You don't see the confrontations where the wife has to die to her tongue
"The tongue also is a fire, a world of evil among the parts of the body. It corrupts the whole body, sets the whole course of one’s life on fire, and is itself set on fire by hell [...] Out of the same mouth come praise and cursing. My brothers and sisters, this should not be" (James 3:6 and 10).

You don't see the compromise where they both have to die to their selfish desires: 
"Then he said to them all, Whoever wants to be my disciple must deny themselves and take up their cross daily and follow me" (Luke 9:23).

You don't see the DEATHS they have within their marriage in order to project LIFE through their covenant:

"But if Christ is in you, then even though your body is subject to death because of sin, the Spirit gives life because of righteousness. And if the Spirit of him who raised Jesus from the dead is living in you, he who raised Christ from the dead will also give life to your mortal bodies because of his Spirit who lives in you. Therefore, brothers and sisters, we have an obligation—but it is not to the flesh, to live according to it. For if you live according to the flesh, you will die; but if by the Spirit you put to death the misdeeds of the body, you will live. For those who are led by the Spirit of God are the children of God. Now if we are children, then we are heirs—heirs of God and co-heirs with Christ, if indeed we share in his sufferings in order that we may also share in his glory" (Roman 8:10-17).

In marriage you gain a lot: a partner to do life with, someone to share in your greatest victories and to comfort you through your greatest heartbreaks but what if a few of those heartbreaks are made by your partner. How do you navigate your way through those bumps in the road or those tough seasons that last longer than bumps? How do you die to your flesh when it seems like you're the only one dying?

This is the part of the post where you stop reading because you have it going on in your marriage or NONE of your friends have this happening in their marriage. This is where I ask you to come back and dig deeper to the parts of you no one else knows about but you and God.

Have you [ever] rolled your eyes at your spouse when they weren't looking? Have you [ever] expressed (to yourself) how much your spouse gets on your nerves/nags you and how tired you are of it? Have you [ever] thrown something [after an intense moment of fellowship] that your spouse didn't see? Have you [ever] cried out of hurt, aggravation, annoyance, loneliness, confusion?
Integrity is doing the right thing when NO ONE is looking.

Maybe it was year one or year two and by year three you thought your marriage was over. Or maybe you are at year three and all of hell has broken loose. Maybe you are at year 8 (like us) and you've seen the worst behind you but you know there are more tests to come. No matter what your marital season looks like: You are not alone!

I would love to tell you how it's not your fault, it's their fault and they deserve whatever reactions you give them in person or in private but the way my conviction is set up... I can't.

What I can tell you are some ways to die to your flesh when you want to act out:

1. Sharpen your discernment
"And this is my prayer: that your love may abound more and more in knowledge and depth of insight, so that you may be able to discern what is best and may be pure and blameless for the day of Christ" (Philippians 1:9-10).

How can we recognize when we need to die to something if we haven't sharpened our spirits to be in tune with what God's word says.

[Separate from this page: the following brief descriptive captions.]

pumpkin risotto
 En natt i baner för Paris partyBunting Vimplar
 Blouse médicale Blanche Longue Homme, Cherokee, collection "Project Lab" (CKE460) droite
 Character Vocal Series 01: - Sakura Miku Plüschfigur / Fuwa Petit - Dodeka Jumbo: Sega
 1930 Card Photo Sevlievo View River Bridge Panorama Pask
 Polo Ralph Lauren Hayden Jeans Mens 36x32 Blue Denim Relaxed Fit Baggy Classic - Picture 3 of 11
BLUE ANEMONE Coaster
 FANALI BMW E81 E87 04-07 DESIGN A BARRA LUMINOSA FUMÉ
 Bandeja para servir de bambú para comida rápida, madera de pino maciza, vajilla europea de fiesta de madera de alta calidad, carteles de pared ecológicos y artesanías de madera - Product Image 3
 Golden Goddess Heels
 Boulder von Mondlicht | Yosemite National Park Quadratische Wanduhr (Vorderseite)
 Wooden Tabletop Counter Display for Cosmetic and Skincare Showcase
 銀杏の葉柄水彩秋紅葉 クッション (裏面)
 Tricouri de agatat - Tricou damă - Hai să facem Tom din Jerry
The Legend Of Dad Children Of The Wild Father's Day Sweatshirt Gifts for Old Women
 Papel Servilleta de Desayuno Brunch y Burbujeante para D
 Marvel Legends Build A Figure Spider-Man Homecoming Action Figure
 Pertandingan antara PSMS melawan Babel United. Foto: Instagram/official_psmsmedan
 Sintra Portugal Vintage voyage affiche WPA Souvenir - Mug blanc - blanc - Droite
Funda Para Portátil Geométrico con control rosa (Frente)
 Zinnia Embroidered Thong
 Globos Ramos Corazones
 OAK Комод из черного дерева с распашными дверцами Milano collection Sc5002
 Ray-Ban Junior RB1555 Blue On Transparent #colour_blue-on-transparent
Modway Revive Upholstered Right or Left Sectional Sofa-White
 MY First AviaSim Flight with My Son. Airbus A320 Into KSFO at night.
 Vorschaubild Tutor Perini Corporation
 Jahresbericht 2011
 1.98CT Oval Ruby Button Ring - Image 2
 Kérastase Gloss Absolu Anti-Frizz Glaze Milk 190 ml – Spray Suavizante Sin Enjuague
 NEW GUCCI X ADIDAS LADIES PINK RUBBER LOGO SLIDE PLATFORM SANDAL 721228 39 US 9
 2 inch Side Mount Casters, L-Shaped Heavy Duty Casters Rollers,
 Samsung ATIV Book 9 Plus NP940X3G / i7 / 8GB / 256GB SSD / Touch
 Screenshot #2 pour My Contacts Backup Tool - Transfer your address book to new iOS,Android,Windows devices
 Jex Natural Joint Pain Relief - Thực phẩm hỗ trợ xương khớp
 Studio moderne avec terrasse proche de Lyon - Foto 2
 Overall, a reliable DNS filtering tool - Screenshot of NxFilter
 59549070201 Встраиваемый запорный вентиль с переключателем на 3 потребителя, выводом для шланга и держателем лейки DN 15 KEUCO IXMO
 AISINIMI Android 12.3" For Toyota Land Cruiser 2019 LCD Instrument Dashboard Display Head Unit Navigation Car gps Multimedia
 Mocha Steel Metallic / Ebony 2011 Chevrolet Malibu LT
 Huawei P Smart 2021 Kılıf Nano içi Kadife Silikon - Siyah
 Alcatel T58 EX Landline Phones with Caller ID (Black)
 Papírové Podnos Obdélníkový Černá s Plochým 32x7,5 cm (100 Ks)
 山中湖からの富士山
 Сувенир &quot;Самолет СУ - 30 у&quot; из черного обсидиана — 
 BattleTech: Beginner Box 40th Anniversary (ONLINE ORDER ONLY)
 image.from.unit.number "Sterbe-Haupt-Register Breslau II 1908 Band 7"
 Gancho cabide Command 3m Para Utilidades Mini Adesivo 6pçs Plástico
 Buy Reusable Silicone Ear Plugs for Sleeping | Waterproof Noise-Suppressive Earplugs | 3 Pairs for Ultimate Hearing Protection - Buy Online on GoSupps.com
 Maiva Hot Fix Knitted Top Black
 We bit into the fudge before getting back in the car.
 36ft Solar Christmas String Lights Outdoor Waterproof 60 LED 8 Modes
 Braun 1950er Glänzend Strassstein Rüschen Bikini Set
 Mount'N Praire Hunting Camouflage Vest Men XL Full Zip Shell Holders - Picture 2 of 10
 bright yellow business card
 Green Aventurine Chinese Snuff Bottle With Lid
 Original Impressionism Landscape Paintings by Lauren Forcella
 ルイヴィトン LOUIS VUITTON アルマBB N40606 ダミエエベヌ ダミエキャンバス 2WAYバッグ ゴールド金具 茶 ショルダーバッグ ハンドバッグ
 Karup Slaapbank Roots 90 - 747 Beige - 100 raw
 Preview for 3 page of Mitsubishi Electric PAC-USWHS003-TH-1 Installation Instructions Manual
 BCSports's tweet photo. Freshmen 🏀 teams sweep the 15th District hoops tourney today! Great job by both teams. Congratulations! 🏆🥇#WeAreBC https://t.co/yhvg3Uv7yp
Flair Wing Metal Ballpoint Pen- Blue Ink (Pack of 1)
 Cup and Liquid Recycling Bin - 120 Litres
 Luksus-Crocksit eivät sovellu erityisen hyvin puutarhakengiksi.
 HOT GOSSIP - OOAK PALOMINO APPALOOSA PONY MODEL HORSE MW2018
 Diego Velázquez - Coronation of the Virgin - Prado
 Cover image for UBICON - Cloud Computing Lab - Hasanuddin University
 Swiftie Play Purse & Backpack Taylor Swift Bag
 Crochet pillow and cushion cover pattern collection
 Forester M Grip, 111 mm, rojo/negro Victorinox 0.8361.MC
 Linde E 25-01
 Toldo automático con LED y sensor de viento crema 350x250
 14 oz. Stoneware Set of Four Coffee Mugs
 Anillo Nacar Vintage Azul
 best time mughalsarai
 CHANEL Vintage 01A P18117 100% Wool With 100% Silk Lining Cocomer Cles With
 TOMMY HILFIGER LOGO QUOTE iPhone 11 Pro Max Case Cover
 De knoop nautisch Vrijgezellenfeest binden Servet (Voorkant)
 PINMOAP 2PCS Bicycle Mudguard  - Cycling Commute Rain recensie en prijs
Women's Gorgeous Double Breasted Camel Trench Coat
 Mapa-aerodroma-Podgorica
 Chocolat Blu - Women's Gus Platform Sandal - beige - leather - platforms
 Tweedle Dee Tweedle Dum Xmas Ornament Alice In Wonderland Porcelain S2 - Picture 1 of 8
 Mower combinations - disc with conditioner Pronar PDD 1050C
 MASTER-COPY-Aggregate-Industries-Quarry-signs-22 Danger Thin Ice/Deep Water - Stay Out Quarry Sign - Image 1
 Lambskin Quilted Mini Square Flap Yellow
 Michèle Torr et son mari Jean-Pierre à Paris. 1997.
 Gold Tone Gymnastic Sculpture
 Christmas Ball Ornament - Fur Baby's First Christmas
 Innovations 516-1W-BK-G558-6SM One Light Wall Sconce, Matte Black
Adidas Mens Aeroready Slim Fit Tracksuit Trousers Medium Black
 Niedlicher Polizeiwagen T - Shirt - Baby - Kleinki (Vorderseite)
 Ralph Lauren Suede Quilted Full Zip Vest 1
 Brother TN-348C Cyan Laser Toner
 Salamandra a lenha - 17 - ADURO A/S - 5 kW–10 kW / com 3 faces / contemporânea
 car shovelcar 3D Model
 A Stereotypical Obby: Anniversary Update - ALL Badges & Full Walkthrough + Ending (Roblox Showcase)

I love that this scripture says "that your LOVE may abound more and more in knowledge and depth of insight." Because knowing what the definition of love is, if that love abounds more and more then we can get in alignment with God's vision for our marriage. We have to be on guard for the enemy who is lurking for an entry into our homes. His primary goal is to break up the family and that starts with the marriage. If he can get in your spirit and stir up any type of complaint, anger, discontentment; allow our mind and eyes to wander to the "next thing" that walks by, then he has won this battle. But if we can peep him (check him out) before he arrives, allowing us to stay ahead of the curve ball coming our way, then we will be able to see marriage the way God sees marriage. I have worked at this for so long I can now discern when my spirit has shifted. When I have allowed the enemy to get in through my emotions and because I recognize the gateway, I remove myself (to the shower, to the closet) and get quiet asking the Holy Spirit to remove that junk within me that doesn't reflect Him. Scott has this thing where he says, "It's on you" and he will walk away. Lol! If I haven't noticed it already it's a good indicator that his discernment has picked up on something in my spirit. This is why Empower M.E. (Marital Enrichment) was birth to encourage couples to know God for yourself and not depend on your spouse to be God for you. You both have to be able to discern God's voice and the enemy's tactics in order to kill off anything that doesn't look like God.

2. Shut up!
"My dear brothers and sisters, take note of this: Everyone should be quick to listen, slow to speak and slow to become angry" (James 1:19).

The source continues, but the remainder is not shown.